Central and Eastern Europe advance an options-based strategy: Key climate and energy takeaways from GLOBSEC 2024
GLOBSEC Forum – renowned as one of Europe’s foremost dialogue platforms that focuses on pivotal aspects of Central and Eastern Europe’s growing significance and role, hosted this year by Czechia’s President Petr Pavel in Prague, was a mix of retrospections, celebrations, and a reinvigoration of Central and Eastern Europe’s (CEE) role for the European future. Marking the 20th anniversary of the EU accession of many countries in the region, the Forum offered an opportunity to reflect on key challenges and opportunities ranging from cybersecurity and the energy transition, to defence and Ukraine’s resilience.

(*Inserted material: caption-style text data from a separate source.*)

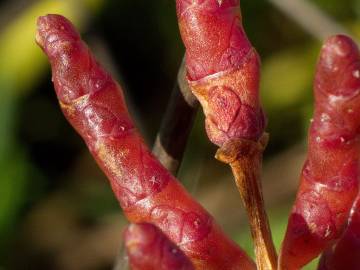 Fotografia da espécie Salicornia ramosissima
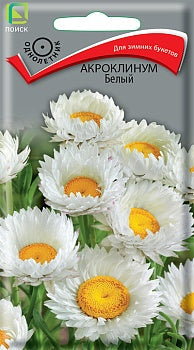Акроклинум белый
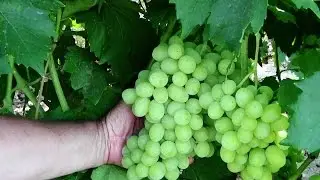 @Виноград Светлана и виноград Ландыш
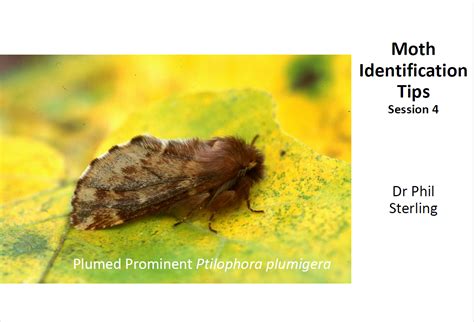 Image result for Moth Identifier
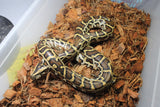 Piton Burmes Nominal Het Albino Granito Macho ID R5-12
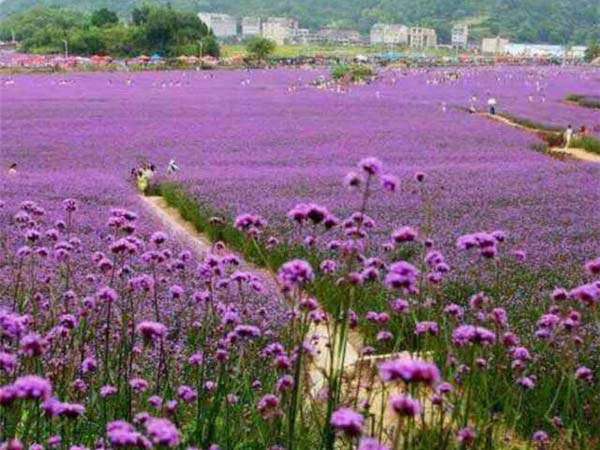 马鞭草花海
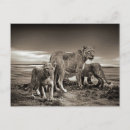 Buscar leones blancos postales Naturaleza
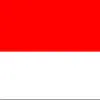 satuuntuksemua49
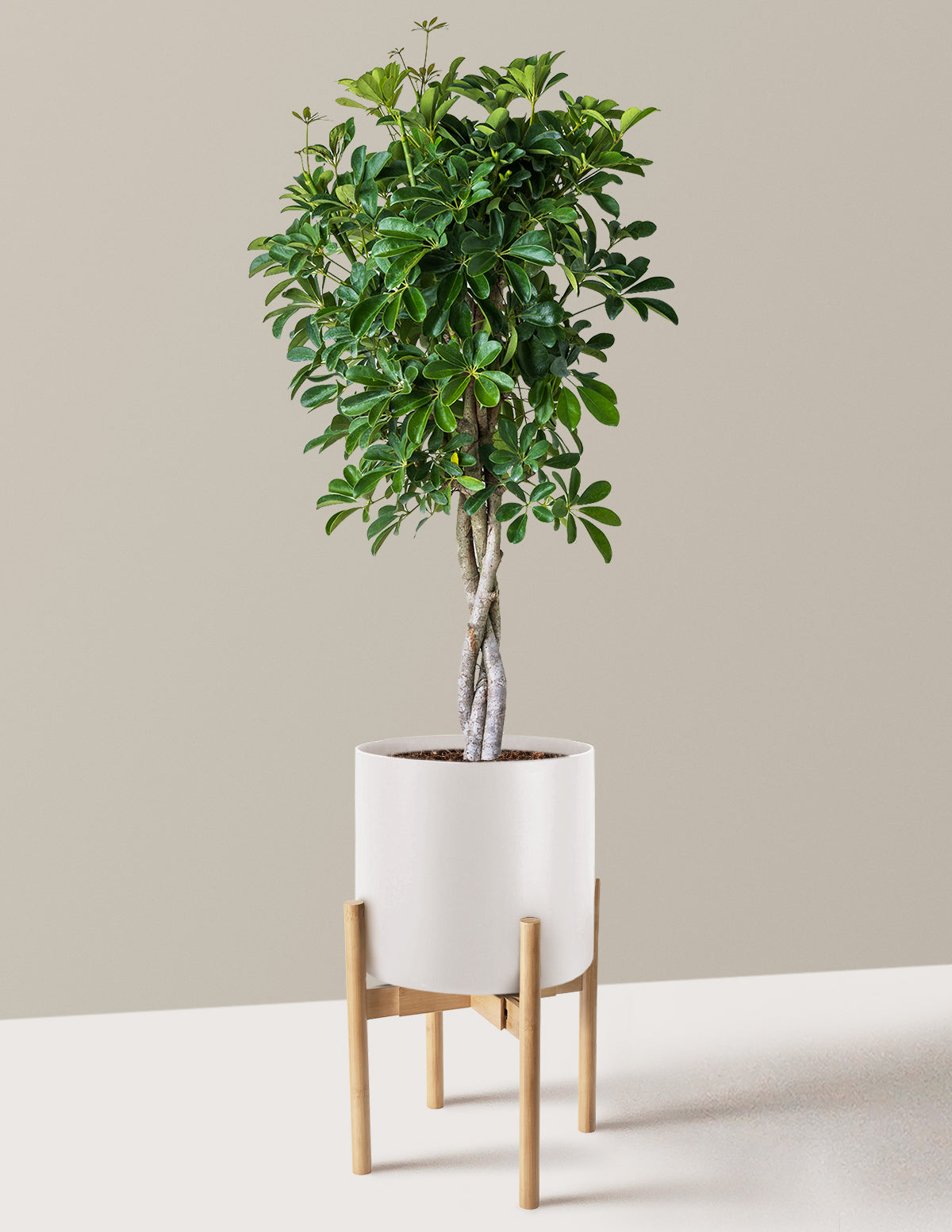 Schefflera Arboricola Braid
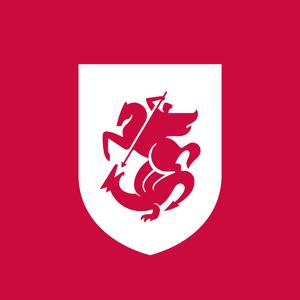 მე ვარ საქართველო • I am Georgia (Radio Edit)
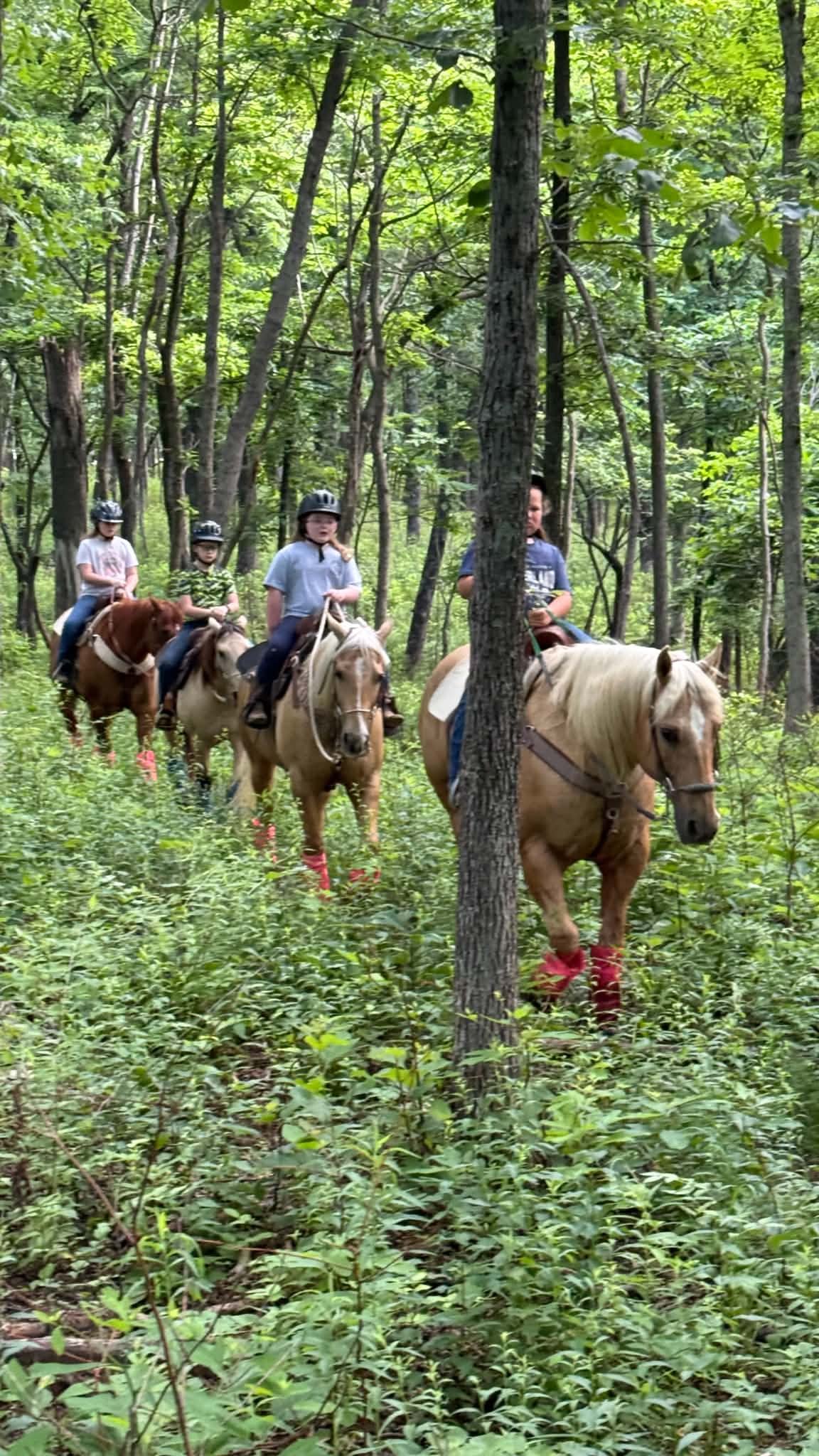 Four children wearing helmets and riding horses through a dense green forest.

In her first public speech as newly re-elected president of the European Commission (EC), Ursula Von der Leyen gave a refreshing perspective on the CEE’s role:
The new reality is that Central Europe is not only geographically at the heart of Europe. But it is also politically and strategically central to the future of the European Union. The resilience of most Central European countries in the face of Russia’s war of aggression in Ukraine was and is remarkable. So, when we talk about competitiveness, I think Europe’s West has a lot to learn from Europe’s East.

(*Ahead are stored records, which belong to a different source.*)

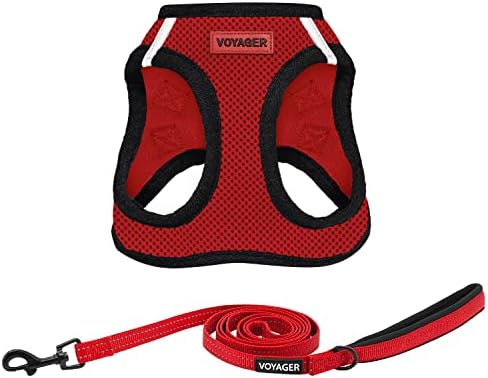 Best Pet Supplies Voyager Step-in Air All Weather Mesh Harness and Reflective Dog 5ft Leash Combo with Neoprene Handle, for Small, Medium and Large Breed Puppies - Red/Black Trim, Large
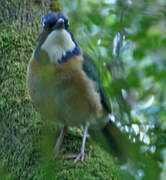 Pitta-like Ground Roller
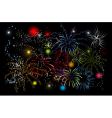 Fireworks holiday night vector image
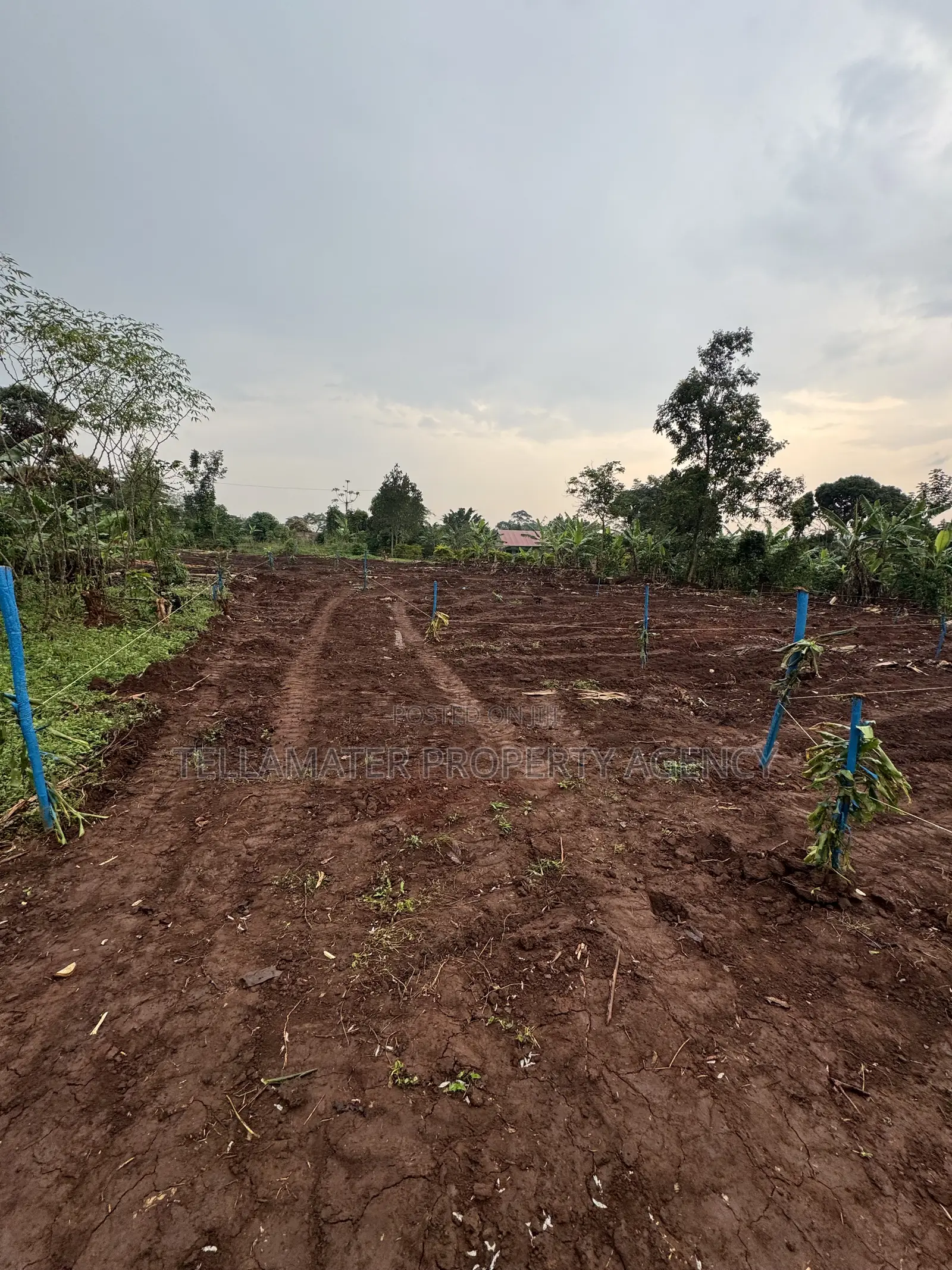 New Nakifuma-Kakinzi Estate 50*50ft and 50*100 Plots Kabaka Land in Kyampisi
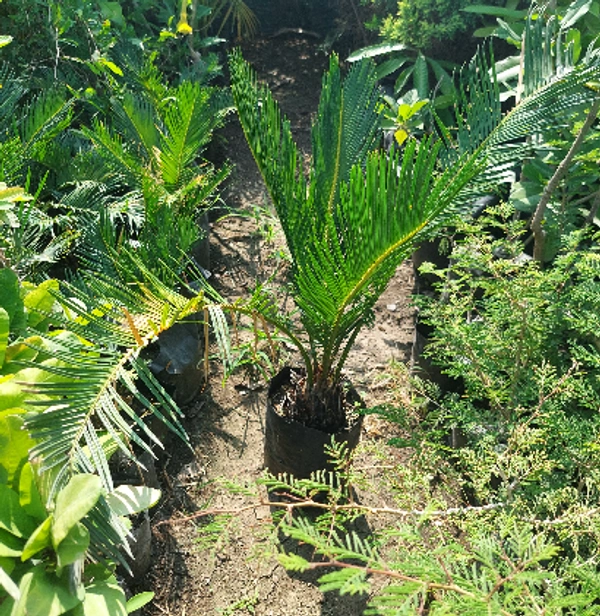 Cycas Palm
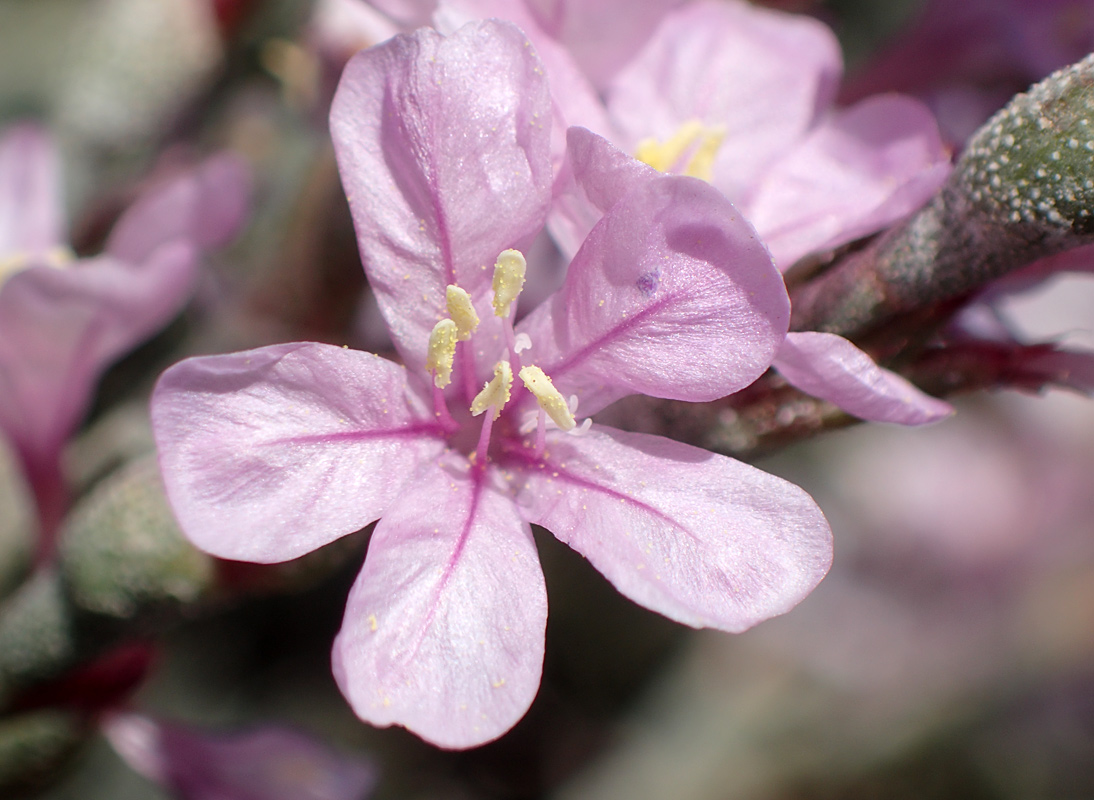 Изображение особи Limoniastrum monopetalum.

European Commission President Ursula Von der Leyen
Diversifying away from Russian fossil fuels has been a litmus test of CEE’s resilience in recent years. Looking at the pre-war data makes the scope of the recalibration especially prominent. The good news is that foundational shifts are well underway thanks to deepened cross-country collaboration, accelerated and more pragmatic clean energy deployment plans, and diversified international partnerships. Structural challenges persist, however.

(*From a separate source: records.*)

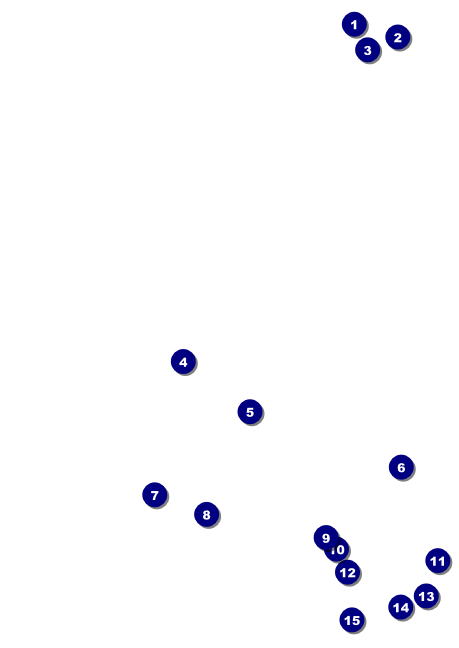 Chinese New Year Rooster Postcard Front Field Markers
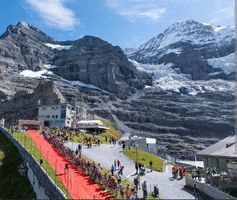 Startplatz Jungfrau Marathon 2026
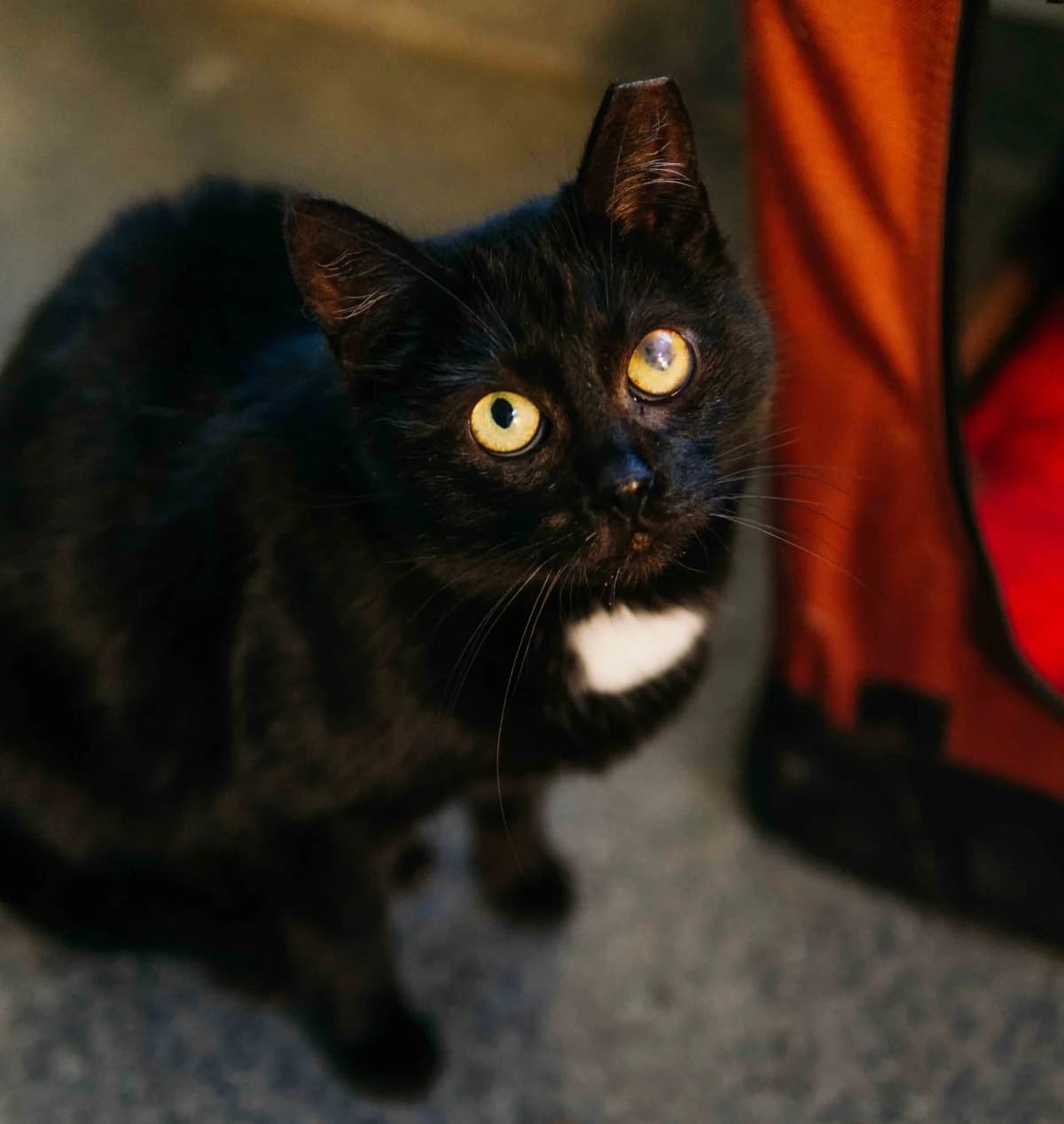Koko,  Mixed Breed for adoption at SOS Gyvūnai, Šalčininkų r. sav.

Dependence on Russian gas in 2020
Climate pragmatism
Zooming in on energy transition conversations, pragmatism has been a cross-cutting topic. The European Commission president has made it clear that a dichotomous approach should be overcome with a complementarity narrative: “When we speak about our energy, we have to produce more of our own energy – more renewables, more nuclear, more efficiency.”
While attempts of villainization or extreme valorisation of certain decarbonisation technologies were still vocal across panels and coffee break conversations, more balanced, evidence- and systems-based perspectives were common as well – reflecting growing awareness that Europe will need more climate solutions on the table to achieve its goals, not fewer. As Albéric Mongrenier, Executive Director at European Initiative for Energy Security noted, “energy security [has] a different meaning than 20 years ago. [The] EU needs to improve interconnection and make technology decisions based on economics and decarbonisation potential not ideology.”
Make it or break it
On the sidelines of GLOBSEC Forum, Clean Air Task Force hosted the session, Strengthening Central and Eastern Europe’s Economic and Energy Security, where pragmatism on decarbonisation was coupled with a more nuanced understanding of energy security and need for a reality check across key decarbonisation technologies.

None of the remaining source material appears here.